_TASK ITEM:_ Copy the data exactly; pictures stay out of the copy.
(PROVIDED MATERIAL begins)
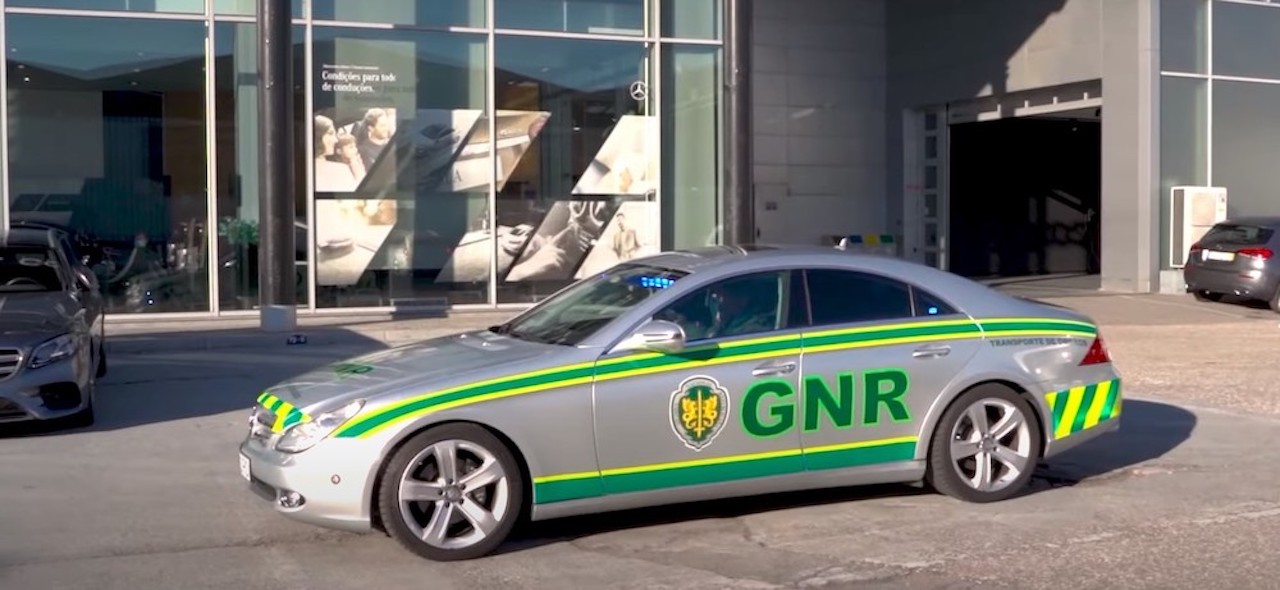 Mercedes CLS apoia GNR no transporte de órgãos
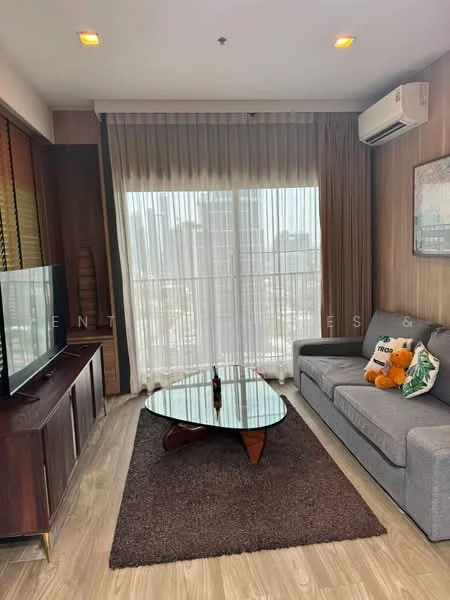 1 Bedroom condo in Noble Reveal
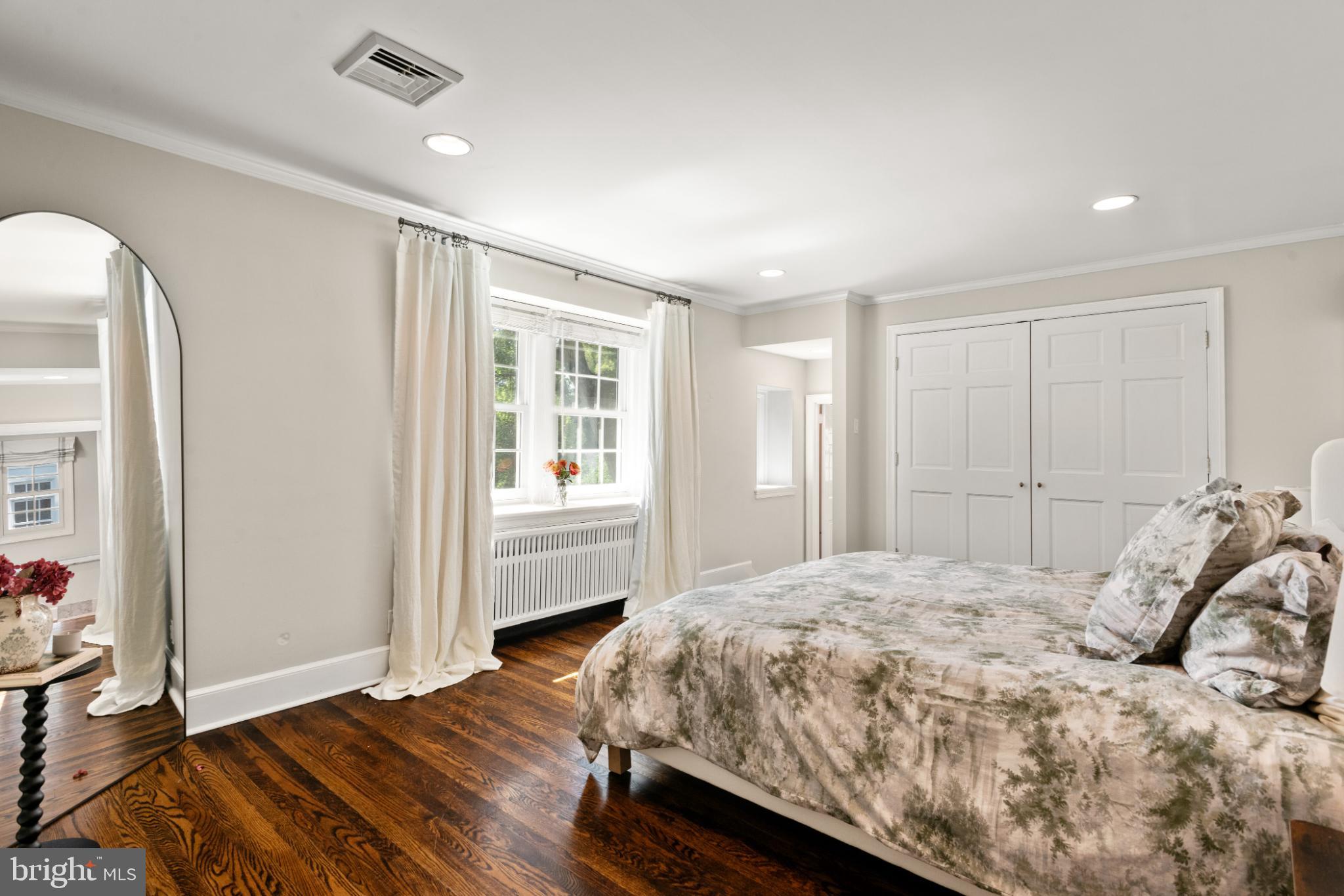 BRYN MAWR - Residential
(PROVIDED MATERIAL ends)
_WRITTEN ANSWER:_
 Mercedes CLS apoia GNR no transporte de órgãos
 1 Bedroom condo in Noble Reveal
 BRYN MAWR - Residential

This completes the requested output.